Dr. Daniel Nedelsecu, University of Oklahoma economics professor, will speak on behavioral economics at the Democratic Tyner Cornbread and Beans lunch at noon Friday at the West Wind Unitarian Universalist Congregation, 1309 W. Boyd St. in Norman. Optional cafeteria-style meal will start at 11:30 a.m. Overflow parking is available two doors east on the north end of the church parking lot on Berry Road and Boyd Street.
Nedelescu has a bachelor's degree in economics from his home country, Romania. After working a few years in industry, he went for a master's degree in economics at Central Michigan University. He received full financial aid for a Ph.D. program at McGill University in Canada and Purdue University. He chose Purdue University, based on the research interests of the faculties.
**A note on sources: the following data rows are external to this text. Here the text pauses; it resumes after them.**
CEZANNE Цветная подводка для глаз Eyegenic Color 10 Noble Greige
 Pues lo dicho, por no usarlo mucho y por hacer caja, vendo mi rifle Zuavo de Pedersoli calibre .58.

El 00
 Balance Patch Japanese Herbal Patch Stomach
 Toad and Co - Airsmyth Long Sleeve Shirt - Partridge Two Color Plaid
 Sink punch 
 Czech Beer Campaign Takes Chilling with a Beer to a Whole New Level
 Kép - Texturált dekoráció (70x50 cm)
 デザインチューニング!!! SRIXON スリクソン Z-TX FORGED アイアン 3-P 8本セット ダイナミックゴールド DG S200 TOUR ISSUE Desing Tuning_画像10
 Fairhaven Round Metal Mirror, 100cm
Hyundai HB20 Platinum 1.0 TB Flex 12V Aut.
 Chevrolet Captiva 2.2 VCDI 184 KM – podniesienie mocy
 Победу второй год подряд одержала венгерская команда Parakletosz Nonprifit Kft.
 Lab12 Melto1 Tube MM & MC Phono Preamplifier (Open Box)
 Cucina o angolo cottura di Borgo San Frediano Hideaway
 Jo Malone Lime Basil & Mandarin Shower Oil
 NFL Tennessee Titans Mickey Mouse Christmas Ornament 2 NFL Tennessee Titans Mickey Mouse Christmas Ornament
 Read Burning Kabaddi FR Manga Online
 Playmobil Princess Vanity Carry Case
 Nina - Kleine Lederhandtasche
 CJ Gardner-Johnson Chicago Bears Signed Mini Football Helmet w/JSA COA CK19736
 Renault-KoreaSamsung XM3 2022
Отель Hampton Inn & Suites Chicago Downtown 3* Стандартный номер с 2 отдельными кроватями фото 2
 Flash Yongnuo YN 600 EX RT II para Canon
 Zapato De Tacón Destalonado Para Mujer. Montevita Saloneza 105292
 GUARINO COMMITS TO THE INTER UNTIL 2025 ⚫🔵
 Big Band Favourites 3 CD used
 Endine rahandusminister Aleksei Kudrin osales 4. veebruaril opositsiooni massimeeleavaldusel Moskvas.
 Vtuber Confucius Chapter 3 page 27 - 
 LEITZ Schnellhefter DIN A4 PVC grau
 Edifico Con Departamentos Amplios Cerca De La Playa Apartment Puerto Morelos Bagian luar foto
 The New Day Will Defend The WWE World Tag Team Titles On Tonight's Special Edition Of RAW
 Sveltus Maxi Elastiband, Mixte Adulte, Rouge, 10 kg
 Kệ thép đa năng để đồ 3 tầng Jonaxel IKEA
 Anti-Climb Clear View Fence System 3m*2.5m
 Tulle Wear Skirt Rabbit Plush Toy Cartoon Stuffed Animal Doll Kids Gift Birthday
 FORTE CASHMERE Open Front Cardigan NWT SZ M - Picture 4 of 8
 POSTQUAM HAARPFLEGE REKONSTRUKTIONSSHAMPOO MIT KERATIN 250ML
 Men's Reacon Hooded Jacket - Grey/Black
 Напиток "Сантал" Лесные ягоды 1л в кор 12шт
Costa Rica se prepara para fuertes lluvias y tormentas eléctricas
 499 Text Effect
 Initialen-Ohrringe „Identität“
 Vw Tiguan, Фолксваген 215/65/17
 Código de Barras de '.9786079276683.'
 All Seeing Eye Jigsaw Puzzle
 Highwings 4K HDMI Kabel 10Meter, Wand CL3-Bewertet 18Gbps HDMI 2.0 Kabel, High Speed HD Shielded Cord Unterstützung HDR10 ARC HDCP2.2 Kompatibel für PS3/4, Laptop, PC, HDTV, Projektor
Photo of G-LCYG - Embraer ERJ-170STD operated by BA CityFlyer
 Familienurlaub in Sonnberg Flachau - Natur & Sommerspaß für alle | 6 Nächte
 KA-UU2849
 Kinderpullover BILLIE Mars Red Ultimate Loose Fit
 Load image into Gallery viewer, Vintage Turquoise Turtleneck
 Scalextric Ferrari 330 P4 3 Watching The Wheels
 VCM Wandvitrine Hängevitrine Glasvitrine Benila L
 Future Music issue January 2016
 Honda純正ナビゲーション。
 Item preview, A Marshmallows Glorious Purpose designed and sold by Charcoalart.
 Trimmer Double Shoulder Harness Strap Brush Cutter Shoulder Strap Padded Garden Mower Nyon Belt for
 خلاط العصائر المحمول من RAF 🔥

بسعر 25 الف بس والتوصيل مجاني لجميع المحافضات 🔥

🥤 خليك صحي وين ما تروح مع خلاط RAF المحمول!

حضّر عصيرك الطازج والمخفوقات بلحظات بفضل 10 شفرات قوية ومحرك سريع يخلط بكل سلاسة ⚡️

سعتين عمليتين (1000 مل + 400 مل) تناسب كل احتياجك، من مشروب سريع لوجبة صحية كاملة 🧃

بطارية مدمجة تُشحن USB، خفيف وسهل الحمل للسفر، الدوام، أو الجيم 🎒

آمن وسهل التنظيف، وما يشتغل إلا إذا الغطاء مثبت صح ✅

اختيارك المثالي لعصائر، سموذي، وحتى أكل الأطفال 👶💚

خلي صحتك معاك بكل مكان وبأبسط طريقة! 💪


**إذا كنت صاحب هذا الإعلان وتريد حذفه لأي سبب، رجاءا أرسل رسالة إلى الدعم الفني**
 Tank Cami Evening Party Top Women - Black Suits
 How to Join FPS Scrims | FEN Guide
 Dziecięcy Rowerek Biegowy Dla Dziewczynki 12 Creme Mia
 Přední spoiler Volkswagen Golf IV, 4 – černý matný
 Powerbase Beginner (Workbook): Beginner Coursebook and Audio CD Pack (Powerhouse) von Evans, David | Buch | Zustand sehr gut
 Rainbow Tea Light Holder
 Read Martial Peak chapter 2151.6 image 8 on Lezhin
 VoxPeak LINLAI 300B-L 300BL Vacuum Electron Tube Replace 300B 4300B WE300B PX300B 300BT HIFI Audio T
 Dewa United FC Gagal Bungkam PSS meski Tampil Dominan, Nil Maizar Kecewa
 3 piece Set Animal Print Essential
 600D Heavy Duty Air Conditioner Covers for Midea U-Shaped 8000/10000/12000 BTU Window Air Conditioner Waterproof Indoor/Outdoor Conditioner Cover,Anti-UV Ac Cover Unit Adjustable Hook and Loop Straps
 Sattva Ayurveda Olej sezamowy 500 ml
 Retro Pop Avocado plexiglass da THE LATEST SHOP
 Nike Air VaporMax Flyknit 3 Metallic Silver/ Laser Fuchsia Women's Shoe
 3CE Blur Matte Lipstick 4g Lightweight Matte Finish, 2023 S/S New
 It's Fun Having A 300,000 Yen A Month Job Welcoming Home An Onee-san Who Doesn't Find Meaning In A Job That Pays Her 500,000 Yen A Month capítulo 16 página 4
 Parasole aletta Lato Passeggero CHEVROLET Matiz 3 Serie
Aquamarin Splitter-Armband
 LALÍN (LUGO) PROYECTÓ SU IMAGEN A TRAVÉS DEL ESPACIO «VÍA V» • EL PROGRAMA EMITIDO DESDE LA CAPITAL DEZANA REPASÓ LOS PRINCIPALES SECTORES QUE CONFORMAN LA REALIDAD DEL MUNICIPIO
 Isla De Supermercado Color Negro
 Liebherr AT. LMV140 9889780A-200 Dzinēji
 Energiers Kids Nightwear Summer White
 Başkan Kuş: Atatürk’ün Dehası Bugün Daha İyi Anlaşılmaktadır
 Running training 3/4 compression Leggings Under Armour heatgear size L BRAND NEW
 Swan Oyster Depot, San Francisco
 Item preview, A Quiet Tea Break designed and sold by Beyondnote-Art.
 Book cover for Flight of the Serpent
At Purdue University, he worked with Dr. Tim Cason, a prominent professor in experimental economics (former president of experimental economics international association -- ESA, and former editor of the top experimental economic journal Experimental Economics). Cason continued the tradition started at Purdue University by Dr. Vernon Smith, who shared the Nobel Prize in Economics in 2002 with Dr. Daniel Hahnemann for contributions in experimental and behavioral economics.
After his graduation in 2013, Nedelscu received an offer to teach at the University of Oklahoma. Here, he taught a variety of courses from entry level (principle of microeconomics) to Ph.D. level (Microeconomics 1). In 2016, for the first time at OU, he introduced a class of behavioral and experimental economics.
In his research, he used an experimental approach to study how behavioral factors such as risk aversion, or inequality aversion, might change the theoretical prediction of the standard economic models.